**Source records**

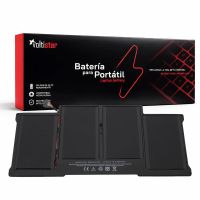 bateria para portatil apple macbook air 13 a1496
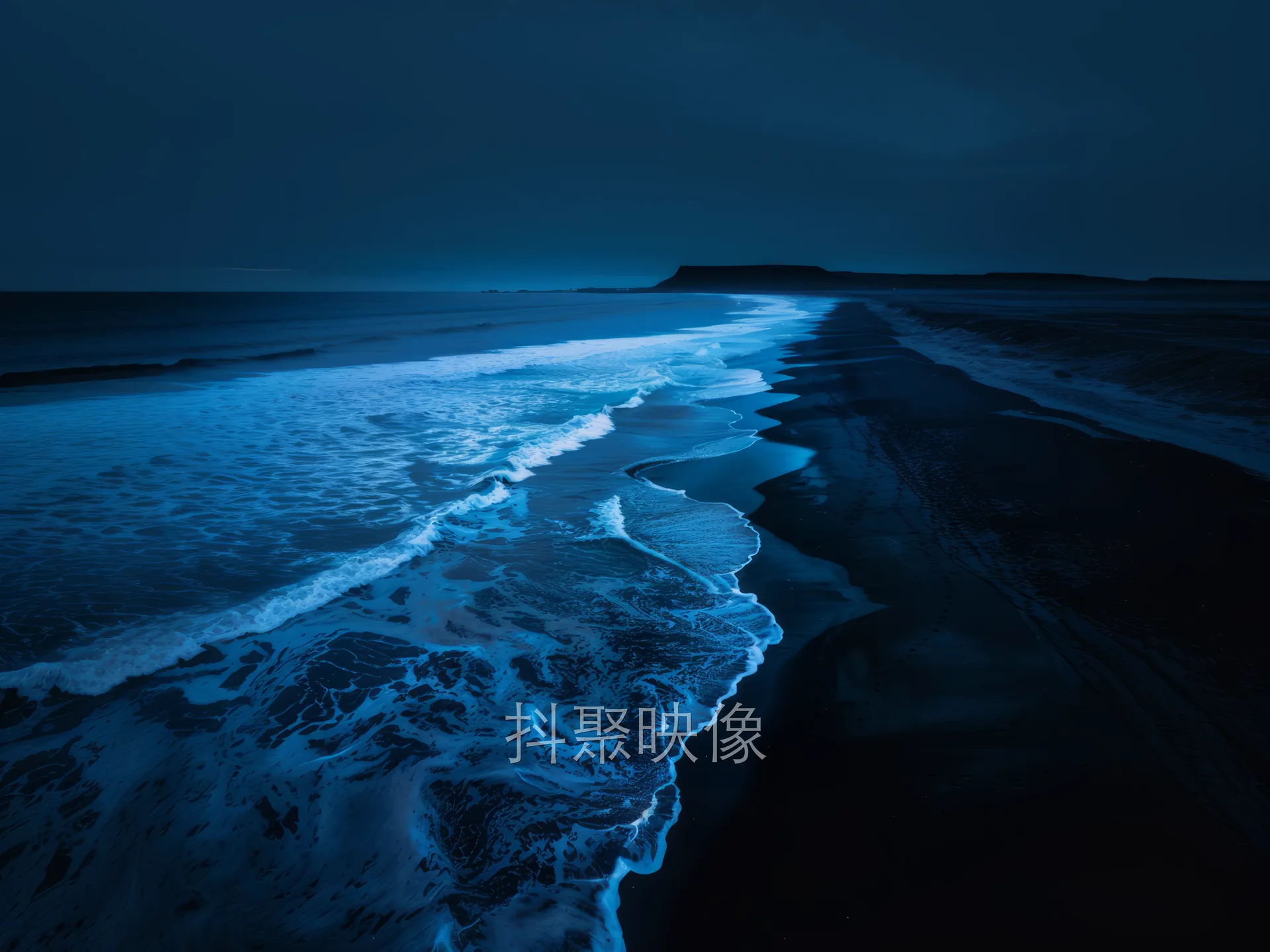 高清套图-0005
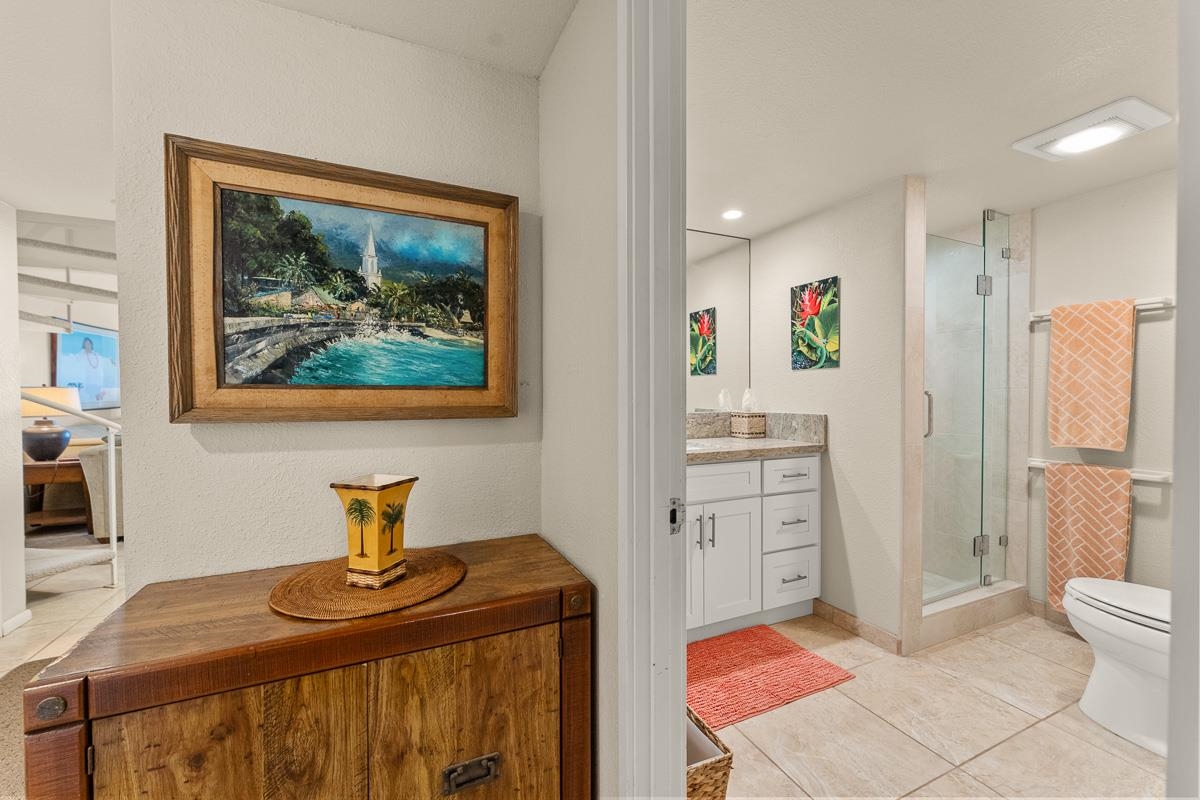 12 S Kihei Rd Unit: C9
==
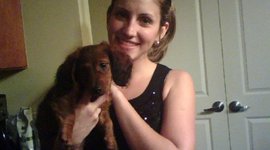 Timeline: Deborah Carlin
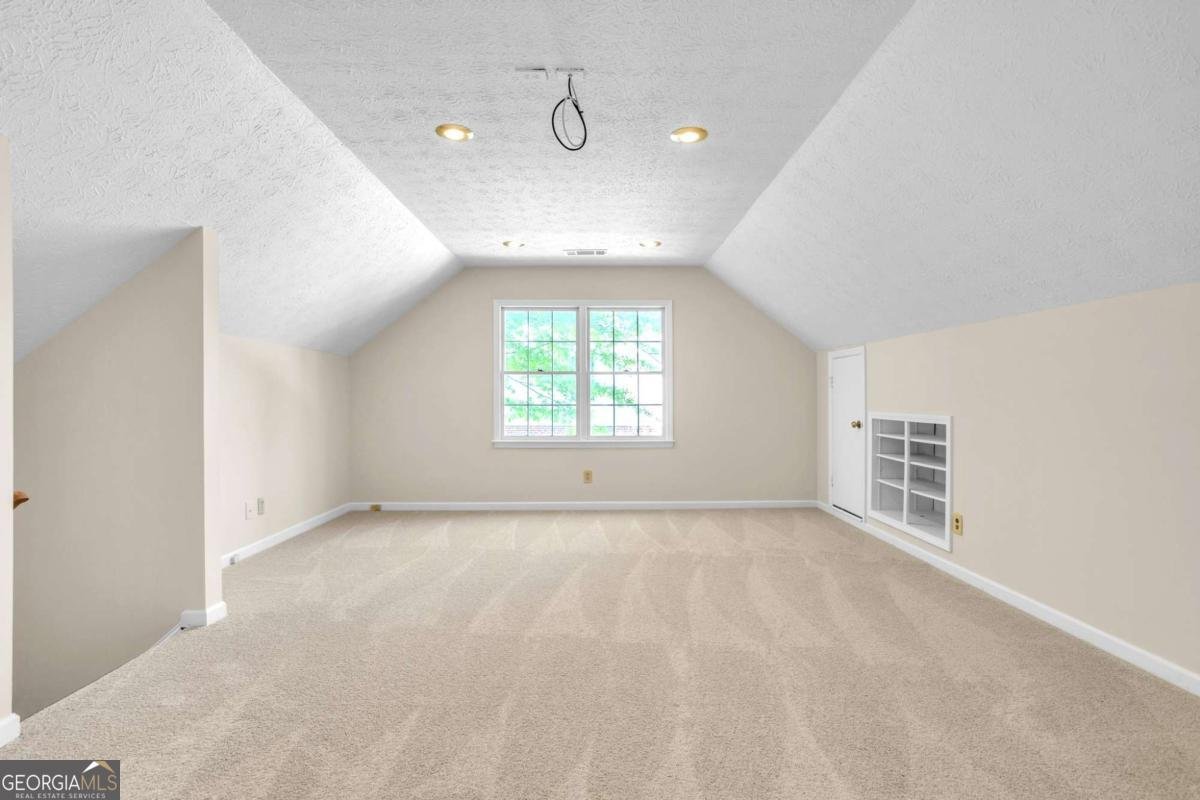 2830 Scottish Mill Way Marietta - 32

**Task objective**
Could you transcribe exactly the entries above, but only the lines from the one with "Timeline: Deborah Carlin" through the one with "2830 Scottish Mill Way Marietta - 32", and without pictures?

**Exercise solution**
 Timeline: Deborah Carlin
 2830 Scottish Mill Way Marietta - 32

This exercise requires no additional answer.